*TASK REQUIREMENTS*. Copy the lines below exactly, starting at the one with "Sharp yellow platform edge ..." and ending at the one with "Hello Spring Leaves", and leave out any picture.

*MATERIAL FOR THE TASK*.

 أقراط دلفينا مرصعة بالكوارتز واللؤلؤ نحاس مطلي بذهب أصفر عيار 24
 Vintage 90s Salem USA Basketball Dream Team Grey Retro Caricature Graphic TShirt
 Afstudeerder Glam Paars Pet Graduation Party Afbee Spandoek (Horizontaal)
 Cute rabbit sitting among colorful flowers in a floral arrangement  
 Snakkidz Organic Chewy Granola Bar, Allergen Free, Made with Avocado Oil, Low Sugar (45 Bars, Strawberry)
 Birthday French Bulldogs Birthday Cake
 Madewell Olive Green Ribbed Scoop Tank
...
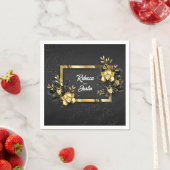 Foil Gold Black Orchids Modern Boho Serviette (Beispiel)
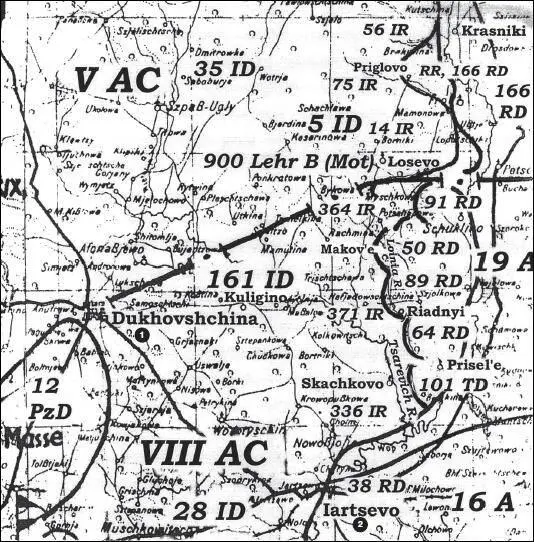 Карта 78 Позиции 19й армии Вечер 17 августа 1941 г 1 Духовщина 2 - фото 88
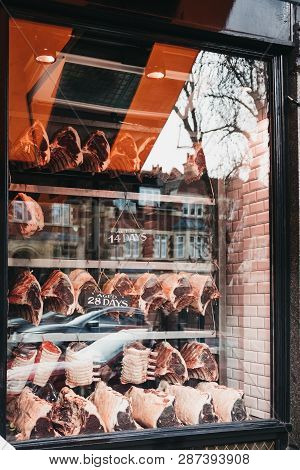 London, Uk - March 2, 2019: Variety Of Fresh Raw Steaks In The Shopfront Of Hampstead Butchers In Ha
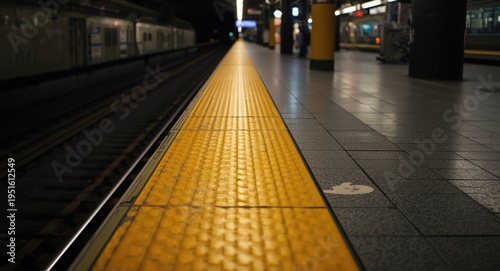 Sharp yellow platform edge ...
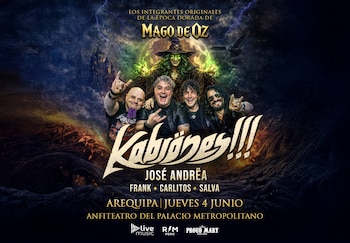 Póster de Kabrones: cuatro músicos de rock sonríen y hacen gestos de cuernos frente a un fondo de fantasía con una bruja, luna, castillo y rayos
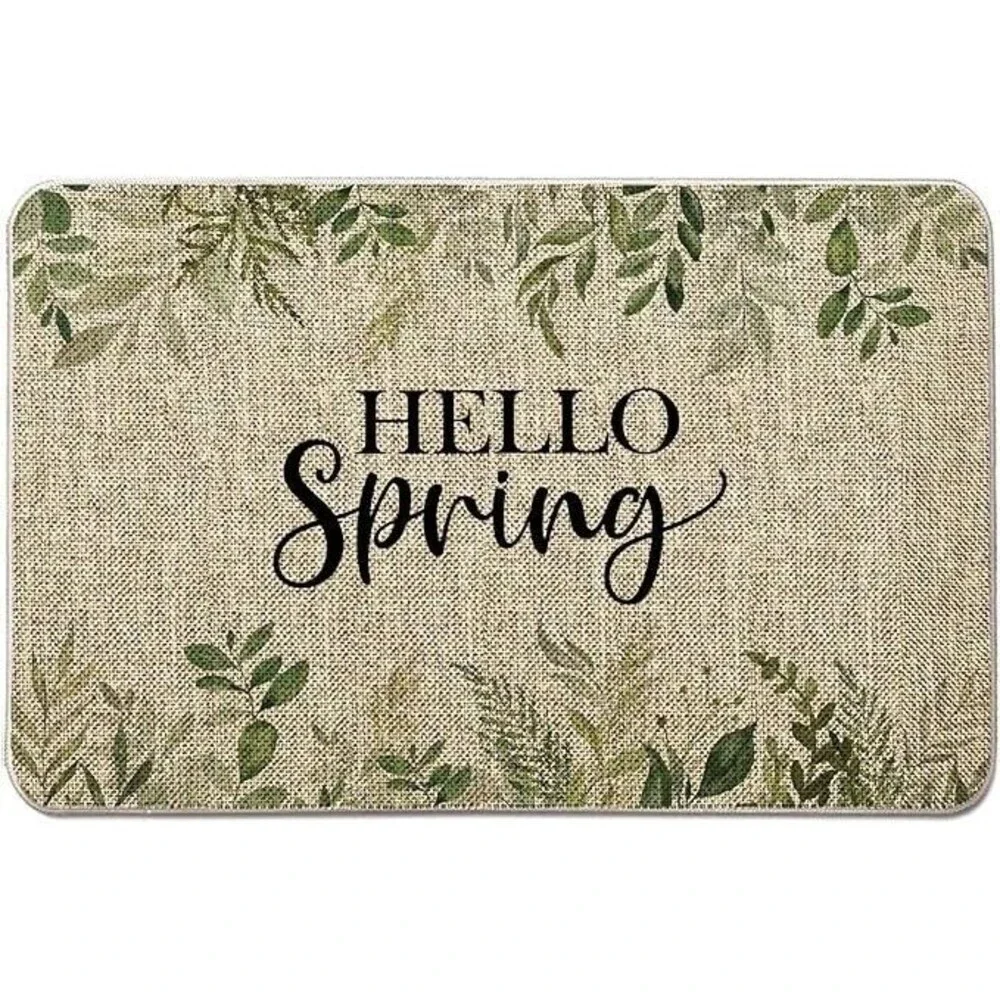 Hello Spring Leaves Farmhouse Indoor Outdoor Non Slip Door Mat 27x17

*SOLUTION FOR THIS TASK*.
 Sharp yellow platform edge ...
 Póster de Kabrones: cuatro músicos de rock sonríen y hacen gestos de cuernos frente a un fondo de fantasía con una bruja, luna, castillo y rayos
 Hello Spring Leaves Farmhouse Indoor Outdoor Non Slip Door Mat 27x17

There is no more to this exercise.